L’ex governatore: «Non entro nei campanilismi, difendo la sanità lombarda». Sindacati e medici chiedono di cambiare: serve una medicina più vicina alla popolazione

Ora anche la politica comasca punta il dito contro Ats Insubria e all’unanimità si schiera a favore del ritorno all’ex Asl di Como. Sindacati e medici però, più che una diversa ripartizione delle “poltrone”, chiedono un potenziamento della medicina di base.

Diversi esponenti del centro destra propongono di tornare ad un’Ats tutta comasca non più dipendente da Varese. Democratici e pentastellati concordano pur ricordando che la riforma sanitaria lombarda è farina del sacco di chi guidava e ancora guida la Regione. Il padre di quella riforma varata nel 2015 era l’ex presidente lombardo ed ex ministro Roberto Maroni.

No ai grandi ospedali

«A qualsiasi tentativo di attacco alla sanità lombarda io rispondo con una difesa “a prescindere” – commenta oggi Maroni –. E lo stesso vale per la riforma che ho scritto. Non entro nei campanilismi e non faccio dichiarazioni sul tema, se non per apprezzare il nostro sistema».

Per il categorico Maroni la sanità lombarda era e resta un’eccellenza. «Noi invece contro la riforma nel 2015 abbiamo fatto grandi battaglie - replica Giacomo Licata, segretario della Cgil di Como -, contro l’Ats controllata da Varese, per riportare il territorio del lago nel bacino comasco. A chi adesso dal centro destra, Lega compresa, si accorge che quella riforma era un errore dico “benvenuto”. Ma la pandemia ci ha insegnato che quella riforma era sbagliata perché abbiamo più bisogno di prossimità. Di una sanità non ospedalocentrica, ma con più medici di famiglia e ambulatori nei paesi. Lasciamo ai politici la nomina di qualche dirigente comasco in Ats».
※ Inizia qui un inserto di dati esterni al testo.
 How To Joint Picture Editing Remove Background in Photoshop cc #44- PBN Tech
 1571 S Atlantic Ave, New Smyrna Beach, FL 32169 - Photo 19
Un’agenzia per la tutela della salute comasca non è la panacea di tutti i mali. «Direi di no - conviene Francesco Diomaiuta segretario della Cisl dei Laghi –, mettiamo piuttosto mano a quella riforma sbagliata dando risorse al territorio. Più medicina preventiva vicina ai cittadini e meno grandi ospedali». «L’Ats rischia di venire strumentalizzata per deviare dall’incompetenza nella gestione della sanità – riflette Salvatore Monteduro, segretario della Uil comasca –. Una sanità che non ha saputo rispondere ai problemi e alle emergenze. La politica ha indirizzato male le risorse, ha concentrato tutto negli ospedali, senza dare punti di riferimento vicini ai pazienti. Mancano i medici, ecco il problema, la riforma Maroni è da rifare».

Tutti gli altri nodi

L’accorpamento della vecchia Asl tra Como e Varese secondo i sindacati aveva almeno tagliato poltrone e incarichi. «Per i comaschi però andare con Varese è stato sconveniente – dice Giuseppe Enrico Rivolta, rappresentante del sindacato dei medici Snami -. Certo che un ritorno dell’Asl a Como sarebbe un bene, ma solo se potenziamo la medicina del territorio. Servono presidi intermedi gestiti da medici tra i grandi ospedali e i medici di famiglia».

«Diversi punti della legge Maroni non sono nemmeno mai partiti – fa notare Giancarlo Grisetti, segretario comasco del sindacato dei medici Fimmg – e la sperimentazione di quella legge è in scadenza e si può dunque rivedere. Ma servono risorse, non promesse. Borse di studio e formazione per i giovani medici. Vicinanza con il territorio, cooperazione tra medici di medicina generale. L’Ats divisa a metà va bene, ma non basta».